* Given data
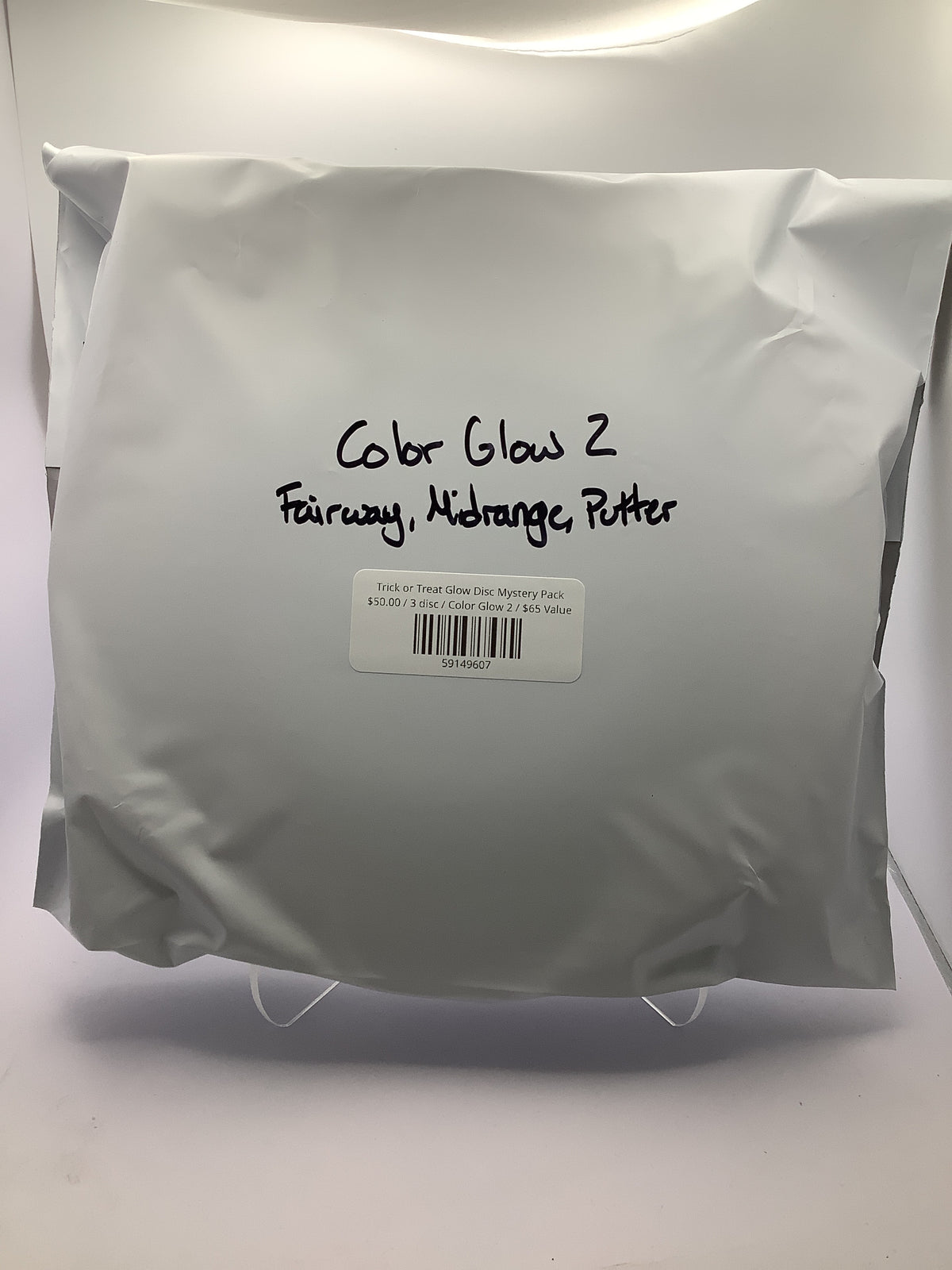 Trick or Treat Glow Disc Mystery Pack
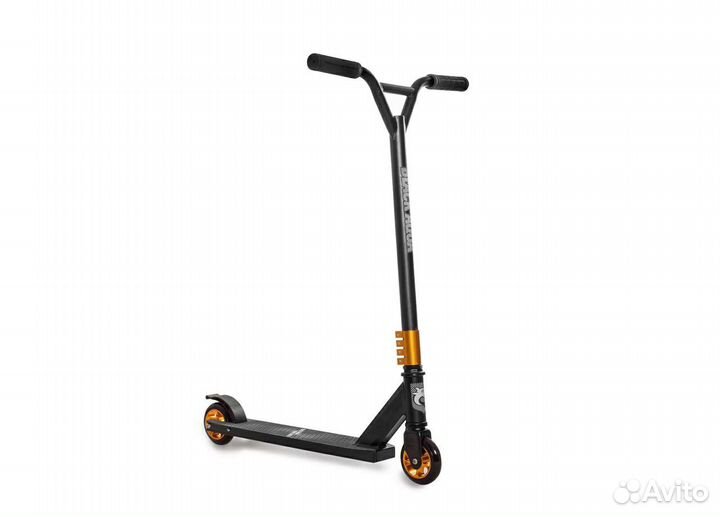 Самокат трюковой Black Aqua SS4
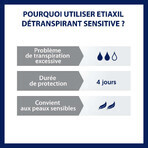 Etiaxil Detraspirant Tratamiento de la transpiración axilar excesiva con roll-on Piel Sensible 2x15ml Etiaxil Detraspirant Tratamiento de la transpiración axilar excesiva con roll-on Piel Sensible 2x15ml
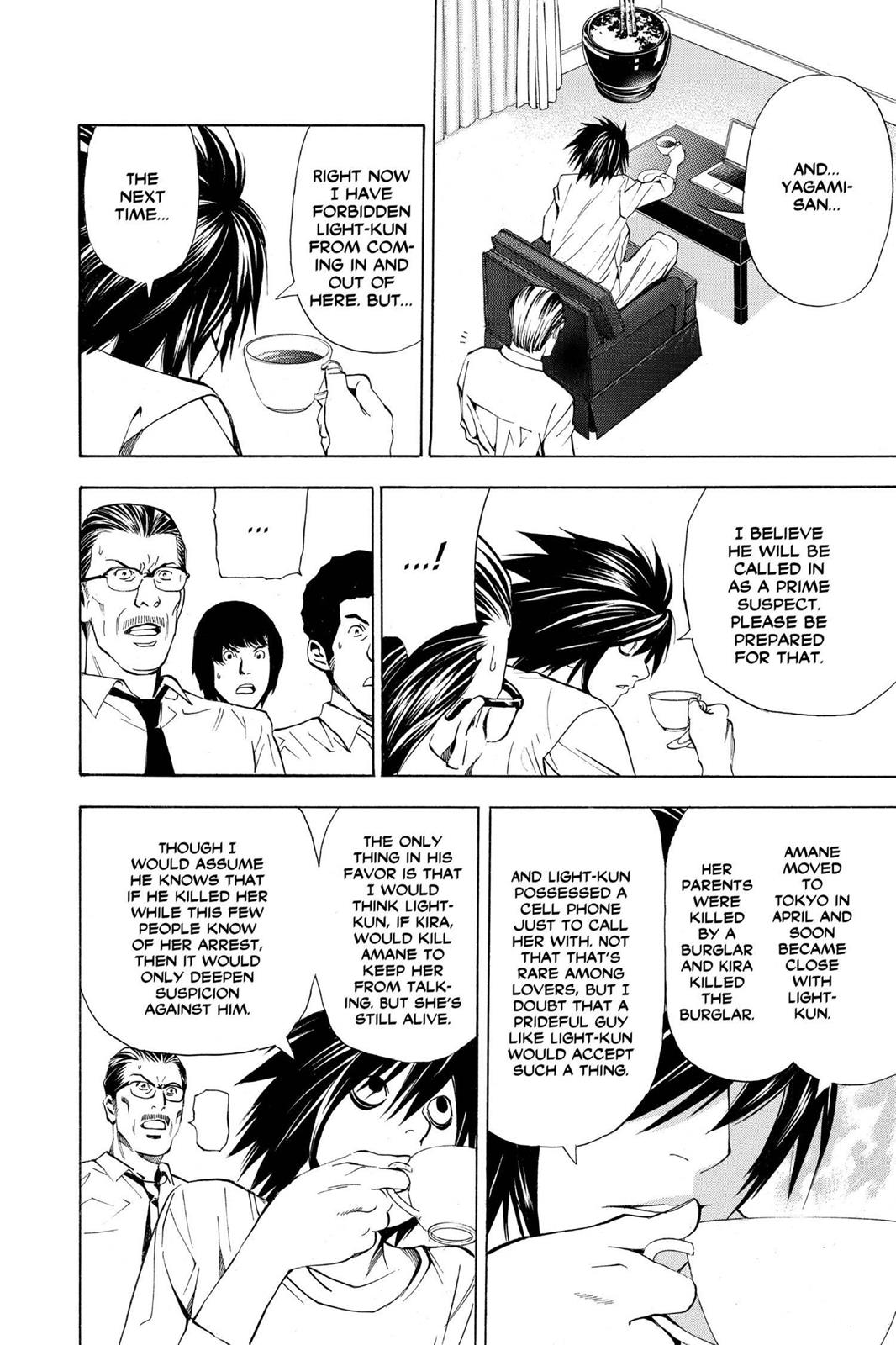 Death Note Chapter 33 - Page 10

* Exercise aim
Return the data exactly. Do not carry over any images.

* Solution
 Trick or Treat Glow Disc Mystery Pack
 Самокат трюковой Black Aqua SS4
 Etiaxil Detraspirant Tratamiento de la transpiración axilar excesiva con roll-on Piel Sensible 2x15ml Etiaxil Detraspirant Tratamiento de la transpiración axilar excesiva con roll-on Piel Sensible 2x15ml
 Death Note Chapter 33 - Page 10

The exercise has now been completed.